Fruits of Eternity

I decided to write parts of best selling imaginary fiction novels on my blog, so here are some paragraphs from the imaginary novel "Fruits of Eternity"

Evil as it may seem the Dark Court of Vegetable Enthusiasts, highest priest banned the Tomato from ever returning. For the crime of being a passionate Fruit Seeker. Banished never to return, the Tomato wandered aimlessly in the wild. Eons passed, the luminescence faded away. What is left is that of courage and the will to survive. Centuries of evolutions made it softer and more supple, as if to say.. a Fruit?

******

Lettuce once again lunged against the Dark Court, armed to the teeth, chanting a spell of destruction. His intent was very clear. He wanted to destroy the the Dark Court once and for all. The light was very bright, a very light blue. With such force he came soaring through the air, the walls shattered to fill the void he left as passed through. The Elder, Broccoli, his eyes flashed. With a strike the light was gone. The radiance went away like dust in the wind. The lettuce was lying face down behind him was the The Elder, Broccoli. In his had the Sword of the Cucumber. Legends were told of the sword of how it was forged in the deepest fryers of the Potato Chips volcano. How centuries ago The Elder, Cabbage defeated the fruits olden age kingdom, the Fruits of Eternity. Because of that sword, the once great and powerful Fruit Seekers live like traveling nomads.
Lettuce lay motionless on the floor. Elder Broccoli smirked and spat on the lifeless body. The Lettuce was gone.

******

BTW the last poll about from which blog you are most likely to contract an STD is Bulhaa's Blog(50%), Bandey(25%), Legacy of Pain(20%) and Darth Sath(0%)

Comments

Iya said…
what the hell? where did the OTHER 5% go? RIGGED VOTE!!!!

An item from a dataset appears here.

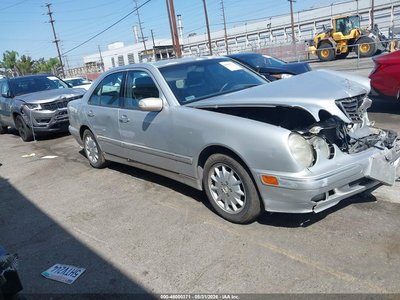 WDBJF65J8YB****** 2000 Mercedes-Benz E 320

nice novel, btw.. im not much of a veggie person. but when a cacti asks me where the crossroads to redemption lie, the banana peels itself in hopes thath the mushroom shows mercy on the penguin.
Anonymous said…
*imaginary applause for the imaginary novel*
Anonymous said…
Little doth he know, just beyond ye lil veggie kingdom amassed the hoard of the Meat Emperors conquering army!

General Porkchop, Admiral T-Bone Steak, and The Great Brigadier Veals combined Armada lay poised to wreak merciless destruction upon the puny kingdom in its greeny innocence.